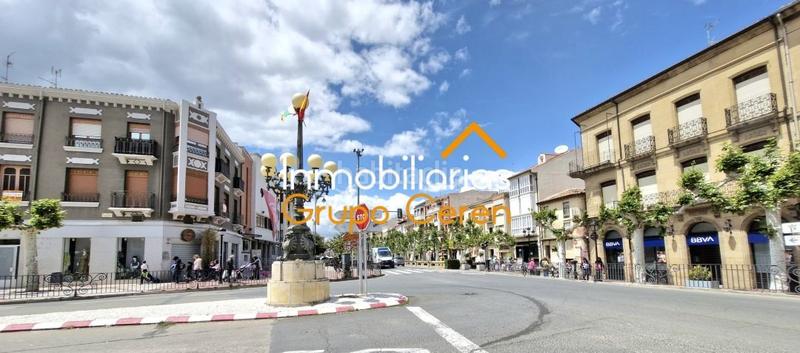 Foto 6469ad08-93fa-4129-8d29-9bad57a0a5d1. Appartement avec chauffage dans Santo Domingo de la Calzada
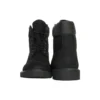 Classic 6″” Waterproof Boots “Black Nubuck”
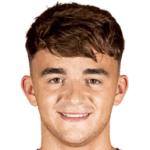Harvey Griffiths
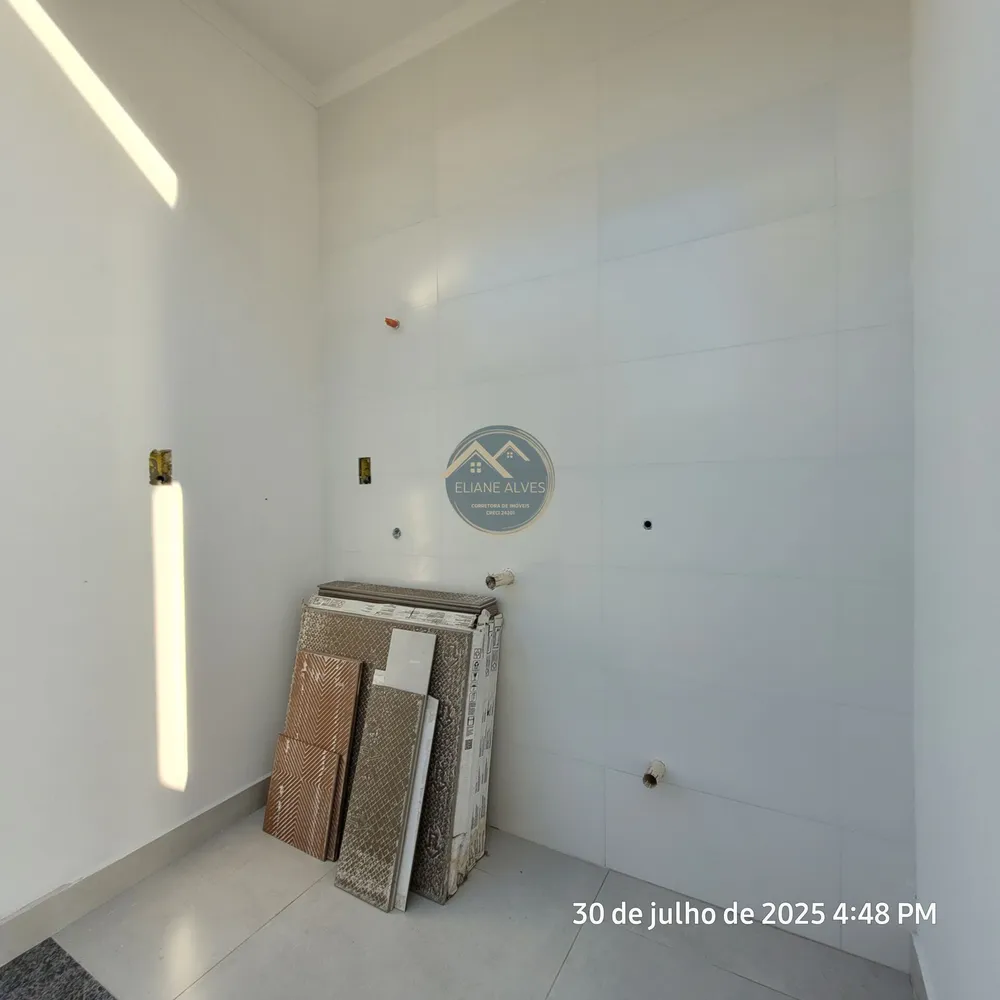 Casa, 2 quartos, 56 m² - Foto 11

============

Exercise description: Pictures stay out; everything else in the listing above is to be repeated exactly.

Completed task:
 Foto 6469ad08-93fa-4129-8d29-9bad57a0a5d1. Appartement avec chauffage dans Santo Domingo de la Calzada
 Classic 6″” Waterproof Boots “Black Nubuck”
Harvey Griffiths
 Casa, 2 quartos, 56 m² - Foto 11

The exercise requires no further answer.